* EXERCISE PROMPT
For this exercise, return all the data word for word, with images left out.

* SOURCE DATA
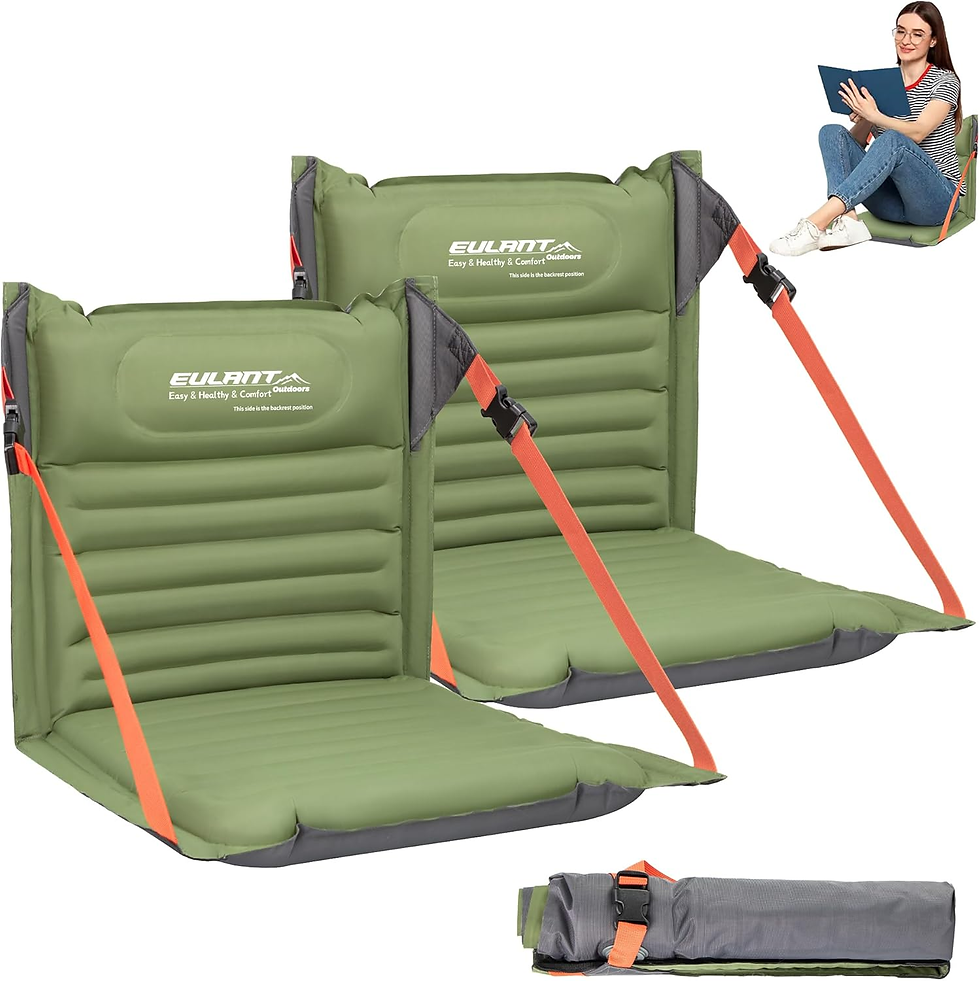 Miniatura: EULANT Inflable Cojín De Asiento Con Calefacción, Calefactado Asiento De Estadio
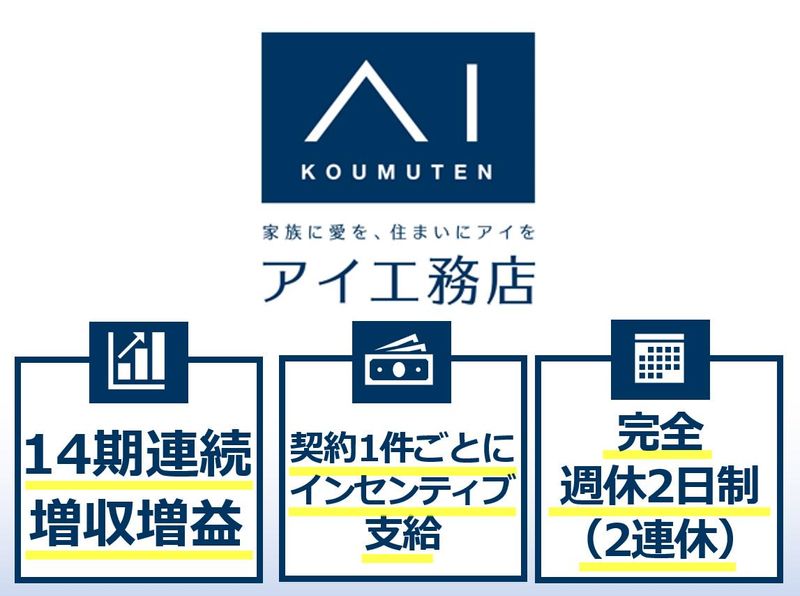 株式会社アイ工務店の求人・転職情報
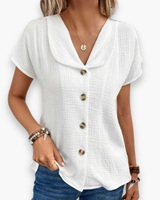 Damen Entspannte Sommerbluse | Chic – Weiß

* ANSWER BELOW
 Miniatura: EULANT Inflable Cojín De Asiento Con Calefacción, Calefactado Asiento De Estadio
 株式会社アイ工務店の求人・転職情報
 Damen Entspannte Sommerbluse | Chic – Weiß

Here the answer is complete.